**The problem:** Transcribe, exactly and without pictures, the lines below from the line with "Desert Botanical Wedding" to the line with "Lantern globe table/floor | white", both ends included, and no others.

(Beginning of Information given)

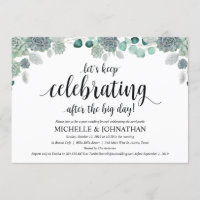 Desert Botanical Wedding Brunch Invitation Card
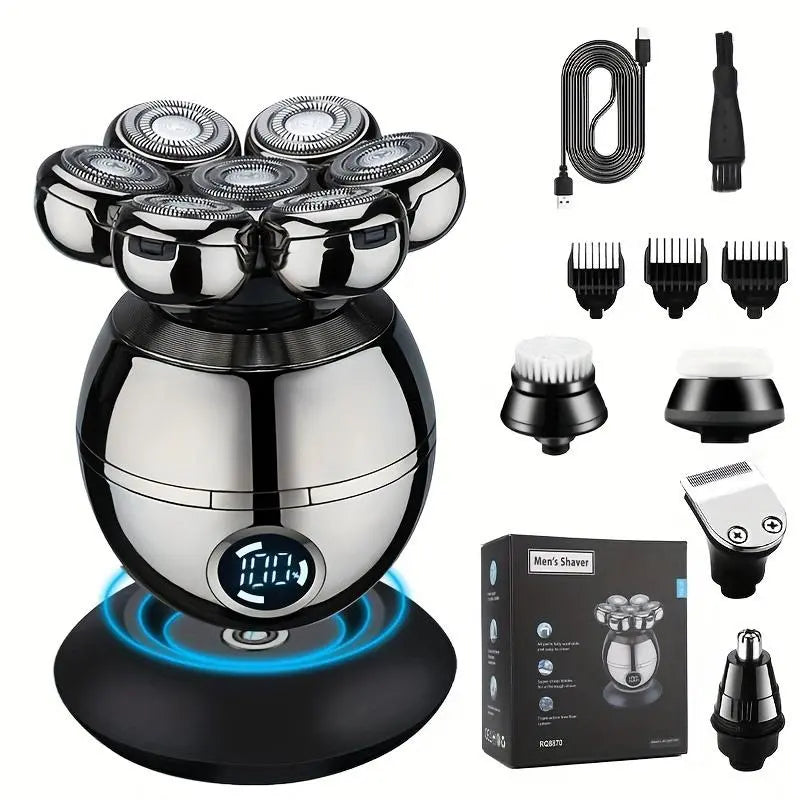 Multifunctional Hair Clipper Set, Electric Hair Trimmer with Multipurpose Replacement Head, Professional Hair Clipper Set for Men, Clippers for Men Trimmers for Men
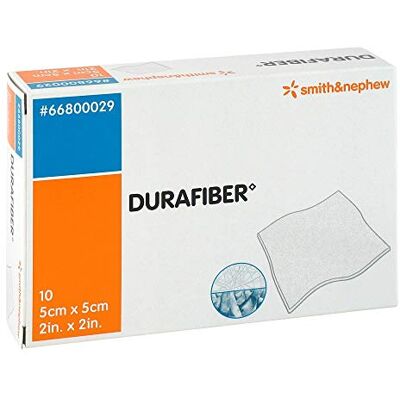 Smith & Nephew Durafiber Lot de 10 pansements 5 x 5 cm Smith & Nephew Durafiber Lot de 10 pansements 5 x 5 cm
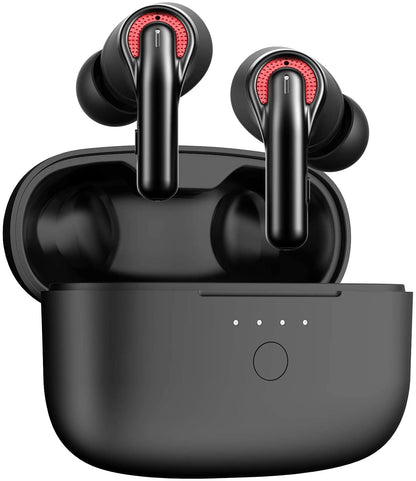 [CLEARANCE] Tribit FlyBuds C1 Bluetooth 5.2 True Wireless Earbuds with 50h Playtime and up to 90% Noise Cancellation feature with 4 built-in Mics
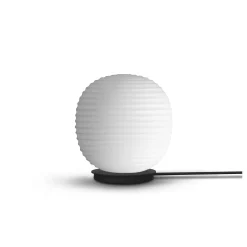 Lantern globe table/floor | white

(End of Information given)
(Beginning of Information given)

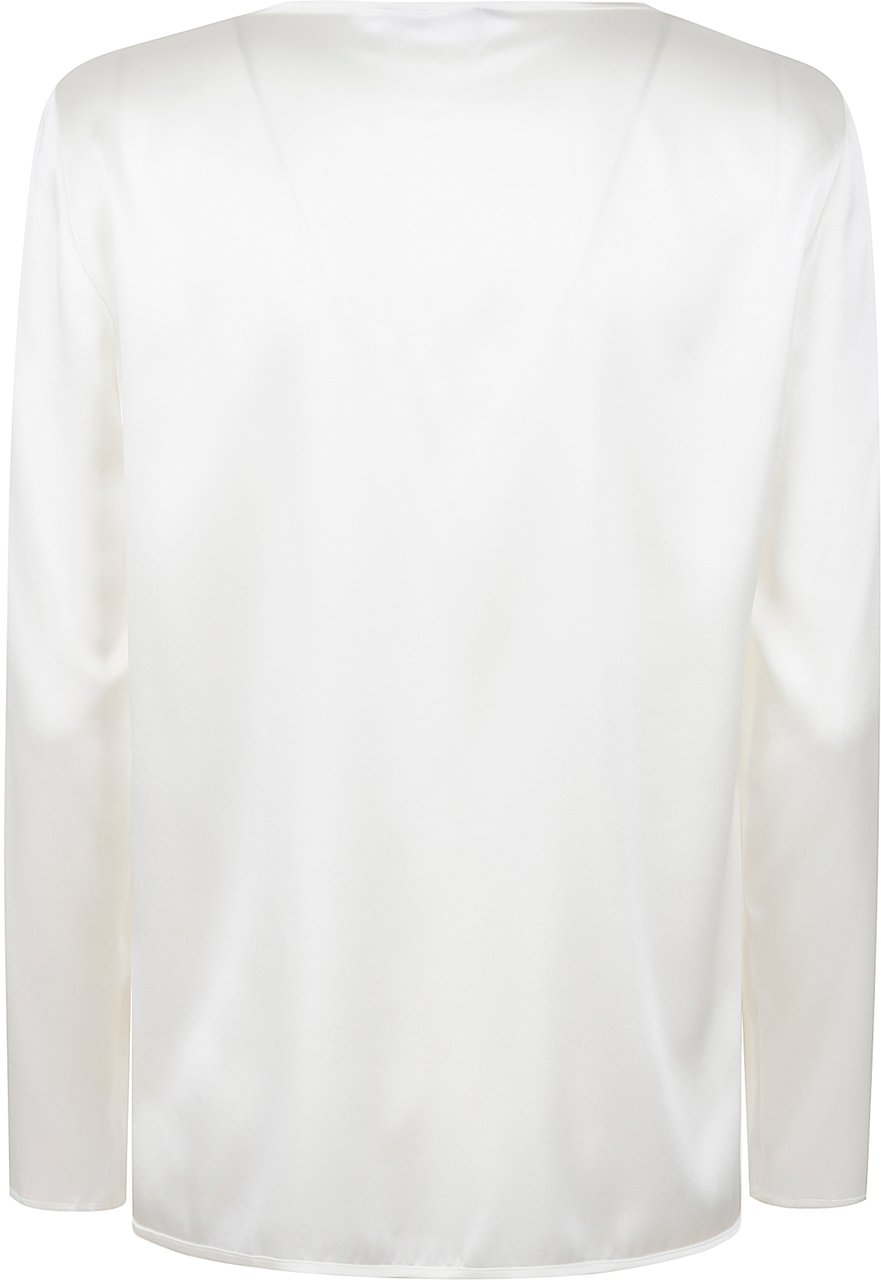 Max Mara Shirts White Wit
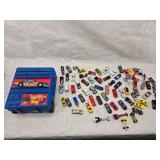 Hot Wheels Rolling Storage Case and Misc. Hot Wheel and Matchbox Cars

(End of Information given)

**Solution for this problem:**
 Desert Botanical Wedding Brunch Invitation Card
 Multifunctional Hair Clipper Set, Electric Hair Trimmer with Multipurpose Replacement Head, Professional Hair Clipper Set for Men, Clippers for Men Trimmers for Men
 Smith & Nephew Durafiber Lot de 10 pansements 5 x 5 cm Smith & Nephew Durafiber Lot de 10 pansements 5 x 5 cm
 [CLEARANCE] Tribit FlyBuds C1 Bluetooth 5.2 True Wireless Earbuds with 50h Playtime and up to 90% Noise Cancellation feature with 4 built-in Mics
 Lantern globe table/floor | white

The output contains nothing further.